DISTINCT vs GROUP BY in SQL
SQL (Structured Query Language) is used to manage and manipulate the data in relational databases. It can be used for tasks such as database querying, data editing, database and table creation and deletion, and granting user permissions.
We can use the DISTINCT keyword and GROUP BY clause when we want to obtain the unique records of a table in SQL. Even though their purpose is the same, they are used in various ways and they also function differently.
DISTINCT Keyword
The DISTINCT keyword retrieves unique values or records from a table, eliminating duplicates. It is applied with the SELECT statement to obtain unique values of one or more columns. Consider a sales table with customer ID, name, product, and price. To find the unique products in the sales table, we can use the DISTINCT keyword.
Syntax:
SELECT DISTINCT column(s) FROM table_name
GROUP BY
The GROUP BY clause groups similar or identical values in a table and is used with aggregate functions like AVG(), SUM(), MAX(), MIN(), COUNT(), etc.

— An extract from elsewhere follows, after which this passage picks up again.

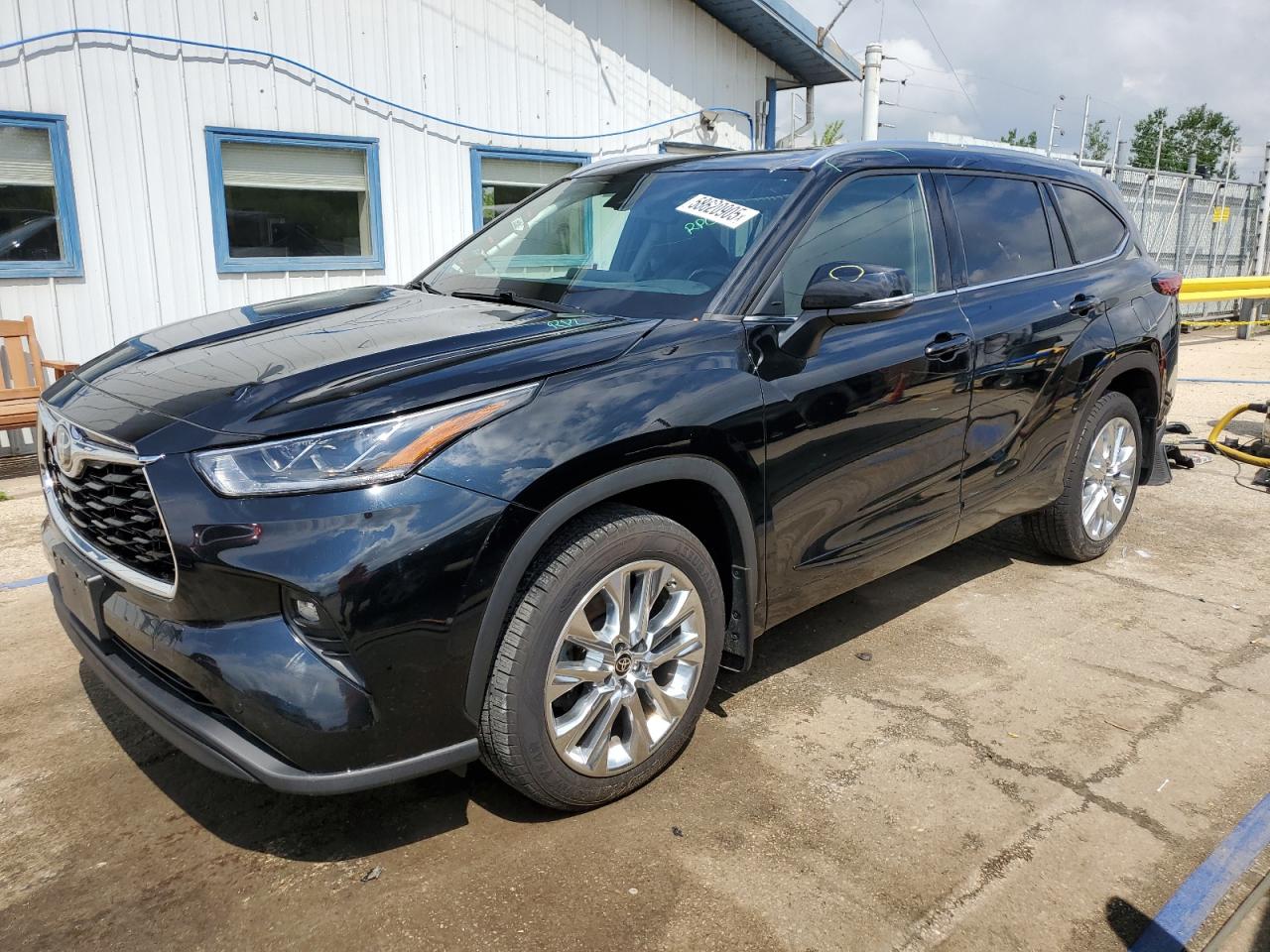 TOYOTA HIGHLANDER 2022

It is employed with the SELECT statement and is positioned after the WHERE clause. Unlike DISTINCT, GROUP BY doesn’t directly remove duplicate records; instead, it groups similar values into sets and applies aggregate functions.
Syntax:
SELECT column_name1, aggregate_function(column_name) FROM table_name GROUP BY column_name1;
Examples of DISTINCT and GROUP BY in SQL
Let’s take a closer look at the functionality and use cases of GROUP BY and DISTINCT using a simple example in MySQL.
Sales Table:
-- Create sales table
CREATE TABLE sales(
OrderID INT PRIMARY KEY,
Product VARCHAR,
Name VARCHAR(50),
Price INT
);
To add the value to the sales table:
-- Insert data into sales table
INSERT INTO sales (OrderID,Product, Name, Price) VALUES
(1, 'Laptop','John', 1200),
(2, 'Smartphone','Alice', 800),
(3, 'Tablet','John', 500),
(4, 'Laptop','Bob', 1200),
(5, 'Laptop','Alice', 1200),
(6, 'Tablet','Emily' 400);
DISTINCT keyword
Example 1: Unique Products from Sales Table
SELECT DISTINCT Product FROM sales;
Output:
Explanation: The above result shows the unique values in the product column i.e. without duplicates.
Example 2: Find a the DISTINCT product and price
SELECT DISTINCT Product, Price FROM sales;
Output:
Explanation: The DISTINCT keyword can be used with multiple columns but it is recommended to use it on necessary columns to obtain the desired result.
GROUP BY clause
Example 1: Find the total sales of each product
SELECT Product ,SUM(Price) FROM sales GROUP BY Product;
Output:
Explanation: This SQL query retrieves the total sales for each unique product from the “sales” table. The output displays product names alongside their corresponding aggregated sum of prices.
Example 2: Find the total sales and quantity of each product
SELECT Product, SUM(price) as total_sales, COUNT(*) as quantity FROM Sales GROUP BY Product;
Output:
Explanation: This SQL query calculates the total sales and quantity for each unique product in the “Sales” table. The output presents product names, their total sales, and the respective quantities.
DISTINCT vs GROUP BY in SQL
Feature |
DISTINCT |
GROUP BY |
---|---|---|
Used for |
Unique values from a single column |
Grouped data (by one or more columns) along with aggregate function calculation. |
Syntax |
SELECT DISTINCT column1 FROM table_name; (multiple columns can be added) |
SELECT column1 aggregate_function(column_name) FROM table_name GROUP BY column1; (multiple columns can be added) |
Goal |
Removes duplicate rows from the result |
Groups rows based on specified columns, and use aggregate functions |
Columns in SELECT |
Include only the column(s) for which uniqueness is desired |
Include columns specified in group by clause as well as columns for which aggregate functions are applied |
Conclusion
In conclusion, DISTINCT and GROUP BY in SQL, though serving the common purpose of obtaining unique records, are applied differently. DISTINCT is suitable for obtaining unique values from one or more columns, while GROUP BY is employed for grouping data based on one or more columns along with aggregate function calculations. Understanding when to use each is crucial for crafting efficient and effective SQL queries.